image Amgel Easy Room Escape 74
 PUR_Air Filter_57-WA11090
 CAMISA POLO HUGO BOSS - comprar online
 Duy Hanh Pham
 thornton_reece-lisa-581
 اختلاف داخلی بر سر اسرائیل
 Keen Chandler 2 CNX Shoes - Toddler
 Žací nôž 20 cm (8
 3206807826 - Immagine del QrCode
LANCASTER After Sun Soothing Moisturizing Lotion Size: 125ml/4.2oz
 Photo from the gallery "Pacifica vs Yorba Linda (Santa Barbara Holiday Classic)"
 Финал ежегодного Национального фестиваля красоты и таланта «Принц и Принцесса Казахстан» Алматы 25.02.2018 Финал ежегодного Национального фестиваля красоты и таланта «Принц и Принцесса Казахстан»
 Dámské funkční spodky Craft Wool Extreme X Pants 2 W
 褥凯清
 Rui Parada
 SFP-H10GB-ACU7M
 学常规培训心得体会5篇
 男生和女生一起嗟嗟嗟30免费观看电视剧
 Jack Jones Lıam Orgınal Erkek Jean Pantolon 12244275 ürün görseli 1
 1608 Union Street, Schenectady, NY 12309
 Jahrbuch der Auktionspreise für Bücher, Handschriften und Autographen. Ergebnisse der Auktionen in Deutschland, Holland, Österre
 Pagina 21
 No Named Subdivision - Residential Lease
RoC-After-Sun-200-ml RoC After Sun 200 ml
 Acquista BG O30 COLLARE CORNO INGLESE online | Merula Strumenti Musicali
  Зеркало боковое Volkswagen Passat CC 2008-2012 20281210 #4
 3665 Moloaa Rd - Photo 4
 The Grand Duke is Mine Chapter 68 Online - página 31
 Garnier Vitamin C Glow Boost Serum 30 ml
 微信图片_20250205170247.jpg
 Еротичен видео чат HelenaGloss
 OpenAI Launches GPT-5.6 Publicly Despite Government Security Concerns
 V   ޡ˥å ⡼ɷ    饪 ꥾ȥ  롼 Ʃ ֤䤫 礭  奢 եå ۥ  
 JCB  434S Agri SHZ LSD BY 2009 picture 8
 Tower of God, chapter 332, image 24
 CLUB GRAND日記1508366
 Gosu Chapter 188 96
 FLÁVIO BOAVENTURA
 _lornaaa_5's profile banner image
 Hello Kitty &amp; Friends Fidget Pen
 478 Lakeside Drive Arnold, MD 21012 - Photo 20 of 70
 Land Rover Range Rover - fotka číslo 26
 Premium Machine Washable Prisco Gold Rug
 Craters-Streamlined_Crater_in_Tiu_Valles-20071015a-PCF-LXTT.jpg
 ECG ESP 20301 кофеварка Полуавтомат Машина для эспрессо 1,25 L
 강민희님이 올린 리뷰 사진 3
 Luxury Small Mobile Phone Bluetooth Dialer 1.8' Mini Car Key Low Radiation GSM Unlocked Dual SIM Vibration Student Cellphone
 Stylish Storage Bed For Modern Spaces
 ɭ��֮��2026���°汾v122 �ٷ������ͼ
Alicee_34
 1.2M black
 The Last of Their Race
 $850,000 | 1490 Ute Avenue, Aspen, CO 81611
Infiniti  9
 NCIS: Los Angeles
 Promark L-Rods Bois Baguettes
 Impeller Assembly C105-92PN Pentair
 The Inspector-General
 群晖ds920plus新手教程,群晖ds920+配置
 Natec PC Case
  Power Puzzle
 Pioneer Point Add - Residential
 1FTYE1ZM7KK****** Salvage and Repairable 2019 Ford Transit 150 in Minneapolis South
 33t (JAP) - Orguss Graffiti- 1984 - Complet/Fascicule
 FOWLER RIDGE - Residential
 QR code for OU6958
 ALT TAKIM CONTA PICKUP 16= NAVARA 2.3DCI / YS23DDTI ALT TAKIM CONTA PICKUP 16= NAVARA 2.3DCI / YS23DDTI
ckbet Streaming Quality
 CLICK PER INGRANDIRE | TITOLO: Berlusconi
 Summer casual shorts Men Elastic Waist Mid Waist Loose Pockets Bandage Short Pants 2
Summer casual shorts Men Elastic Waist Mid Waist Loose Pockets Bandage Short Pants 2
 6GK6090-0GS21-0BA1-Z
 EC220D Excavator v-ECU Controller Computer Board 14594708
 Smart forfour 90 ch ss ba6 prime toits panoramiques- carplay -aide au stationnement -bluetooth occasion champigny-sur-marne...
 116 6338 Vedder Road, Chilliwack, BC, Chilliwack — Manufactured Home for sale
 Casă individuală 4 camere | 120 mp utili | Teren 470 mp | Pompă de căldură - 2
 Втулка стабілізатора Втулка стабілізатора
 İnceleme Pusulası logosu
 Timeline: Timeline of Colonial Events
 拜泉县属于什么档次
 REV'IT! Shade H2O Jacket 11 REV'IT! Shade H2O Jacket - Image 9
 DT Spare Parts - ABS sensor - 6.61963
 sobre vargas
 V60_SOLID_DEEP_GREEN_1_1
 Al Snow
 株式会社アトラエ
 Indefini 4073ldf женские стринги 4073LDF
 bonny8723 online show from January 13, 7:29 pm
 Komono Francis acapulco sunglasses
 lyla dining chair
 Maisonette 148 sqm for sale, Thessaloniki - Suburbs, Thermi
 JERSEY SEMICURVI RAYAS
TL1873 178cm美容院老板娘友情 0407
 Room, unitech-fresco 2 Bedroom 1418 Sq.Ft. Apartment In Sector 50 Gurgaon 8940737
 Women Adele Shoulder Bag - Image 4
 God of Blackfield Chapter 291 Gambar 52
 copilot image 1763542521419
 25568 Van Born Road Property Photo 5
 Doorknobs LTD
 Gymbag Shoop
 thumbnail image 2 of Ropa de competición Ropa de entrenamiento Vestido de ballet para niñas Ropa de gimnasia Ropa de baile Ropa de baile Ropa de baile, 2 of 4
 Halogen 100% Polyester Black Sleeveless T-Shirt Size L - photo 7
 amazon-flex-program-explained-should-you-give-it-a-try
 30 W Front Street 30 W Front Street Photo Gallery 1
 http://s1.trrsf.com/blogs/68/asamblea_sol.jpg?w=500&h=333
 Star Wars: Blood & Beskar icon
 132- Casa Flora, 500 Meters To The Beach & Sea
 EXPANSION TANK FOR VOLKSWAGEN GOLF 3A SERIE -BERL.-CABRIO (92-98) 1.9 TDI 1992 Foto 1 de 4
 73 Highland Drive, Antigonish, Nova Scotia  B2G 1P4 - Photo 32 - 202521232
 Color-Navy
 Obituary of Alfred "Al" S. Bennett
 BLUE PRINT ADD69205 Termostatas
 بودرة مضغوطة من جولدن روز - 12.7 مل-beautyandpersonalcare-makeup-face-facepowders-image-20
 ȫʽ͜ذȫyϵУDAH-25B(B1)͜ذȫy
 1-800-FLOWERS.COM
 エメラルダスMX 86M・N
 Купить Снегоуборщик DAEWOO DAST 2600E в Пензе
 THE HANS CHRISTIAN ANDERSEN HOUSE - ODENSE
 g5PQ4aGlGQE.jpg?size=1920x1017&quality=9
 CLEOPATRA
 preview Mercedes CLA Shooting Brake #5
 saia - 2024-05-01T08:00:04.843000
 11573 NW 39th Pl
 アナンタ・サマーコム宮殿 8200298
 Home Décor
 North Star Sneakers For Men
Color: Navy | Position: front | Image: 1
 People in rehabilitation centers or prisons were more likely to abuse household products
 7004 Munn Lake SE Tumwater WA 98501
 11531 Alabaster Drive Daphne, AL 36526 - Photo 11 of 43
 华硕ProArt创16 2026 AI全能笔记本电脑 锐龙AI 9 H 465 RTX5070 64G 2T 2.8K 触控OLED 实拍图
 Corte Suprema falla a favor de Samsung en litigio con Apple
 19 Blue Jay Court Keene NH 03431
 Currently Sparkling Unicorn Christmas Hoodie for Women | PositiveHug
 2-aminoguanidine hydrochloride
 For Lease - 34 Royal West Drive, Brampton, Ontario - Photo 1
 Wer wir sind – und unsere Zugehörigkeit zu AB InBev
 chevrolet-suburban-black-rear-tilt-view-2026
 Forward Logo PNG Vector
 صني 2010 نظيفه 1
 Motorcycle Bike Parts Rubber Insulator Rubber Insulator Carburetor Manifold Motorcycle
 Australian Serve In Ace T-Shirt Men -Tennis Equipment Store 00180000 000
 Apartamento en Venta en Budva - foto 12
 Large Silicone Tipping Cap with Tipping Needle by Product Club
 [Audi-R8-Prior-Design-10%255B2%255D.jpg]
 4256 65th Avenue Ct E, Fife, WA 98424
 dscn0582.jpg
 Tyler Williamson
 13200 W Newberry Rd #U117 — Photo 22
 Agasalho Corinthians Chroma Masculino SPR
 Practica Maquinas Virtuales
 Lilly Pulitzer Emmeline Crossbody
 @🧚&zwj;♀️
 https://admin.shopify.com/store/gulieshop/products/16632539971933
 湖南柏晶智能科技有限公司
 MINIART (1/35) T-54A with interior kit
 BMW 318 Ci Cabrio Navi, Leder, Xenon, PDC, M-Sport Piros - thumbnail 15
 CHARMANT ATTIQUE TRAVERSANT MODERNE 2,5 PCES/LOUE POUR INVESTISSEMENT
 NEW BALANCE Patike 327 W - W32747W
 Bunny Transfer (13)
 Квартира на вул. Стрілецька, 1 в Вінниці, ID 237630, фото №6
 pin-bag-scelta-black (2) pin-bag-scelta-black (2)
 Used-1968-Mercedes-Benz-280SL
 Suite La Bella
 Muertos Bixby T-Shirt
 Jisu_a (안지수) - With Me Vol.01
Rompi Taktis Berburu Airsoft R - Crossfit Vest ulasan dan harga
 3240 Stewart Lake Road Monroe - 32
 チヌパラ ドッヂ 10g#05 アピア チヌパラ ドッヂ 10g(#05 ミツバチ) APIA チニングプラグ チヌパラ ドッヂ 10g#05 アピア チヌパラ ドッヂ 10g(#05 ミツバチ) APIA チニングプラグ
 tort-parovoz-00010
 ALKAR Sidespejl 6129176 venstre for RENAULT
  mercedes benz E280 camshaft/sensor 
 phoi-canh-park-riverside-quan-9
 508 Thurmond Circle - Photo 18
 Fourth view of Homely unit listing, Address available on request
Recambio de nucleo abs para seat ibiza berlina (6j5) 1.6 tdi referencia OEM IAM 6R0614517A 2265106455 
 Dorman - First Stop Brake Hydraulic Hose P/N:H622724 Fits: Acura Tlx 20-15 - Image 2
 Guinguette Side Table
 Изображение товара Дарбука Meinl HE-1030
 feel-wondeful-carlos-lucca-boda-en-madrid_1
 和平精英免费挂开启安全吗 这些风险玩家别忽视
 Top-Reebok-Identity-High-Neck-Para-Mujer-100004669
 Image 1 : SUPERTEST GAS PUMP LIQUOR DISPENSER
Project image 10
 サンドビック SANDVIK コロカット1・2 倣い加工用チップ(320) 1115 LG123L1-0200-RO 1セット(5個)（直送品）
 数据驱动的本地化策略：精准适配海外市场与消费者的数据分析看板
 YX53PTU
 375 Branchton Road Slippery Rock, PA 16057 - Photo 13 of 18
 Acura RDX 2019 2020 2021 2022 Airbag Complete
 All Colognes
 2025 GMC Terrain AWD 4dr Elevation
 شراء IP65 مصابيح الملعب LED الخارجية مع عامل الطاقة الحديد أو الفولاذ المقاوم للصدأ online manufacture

☆ ☆ ☆ ☆ ☆

Work to be completed
Write out exactly the lines above from the line with "7004 Munn Lake SE Tumwater WA 98501" through the line with "Motorcycle Bike Parts", both of them included, and leave out all other lines.

Answer box
 7004 Munn Lake SE Tumwater WA 98501
 11531 Alabaster Drive Daphne, AL 36526 - Photo 11 of 43
 华硕ProArt创16 2026 AI全能笔记本电脑 锐龙AI 9 H 465 RTX5070 64G 2T 2.8K 触控OLED 实拍图
 Corte Suprema falla a favor de Samsung en litigio con Apple
 19 Blue Jay Court Keene NH 03431
 Currently Sparkling Unicorn Christmas Hoodie for Women | PositiveHug
 2-aminoguanidine hydrochloride
 For Lease - 34 Royal West Drive, Brampton, Ontario - Photo 1
 Wer wir sind – und unsere Zugehörigkeit zu AB InBev
 chevrolet-suburban-black-rear-tilt-view-2026
 Forward Logo PNG Vector
 صني 2010 نظيفه 1
 Motorcycle Bike Parts Rubber Insulator Rubber Insulator Carburetor Manifold Motorcycle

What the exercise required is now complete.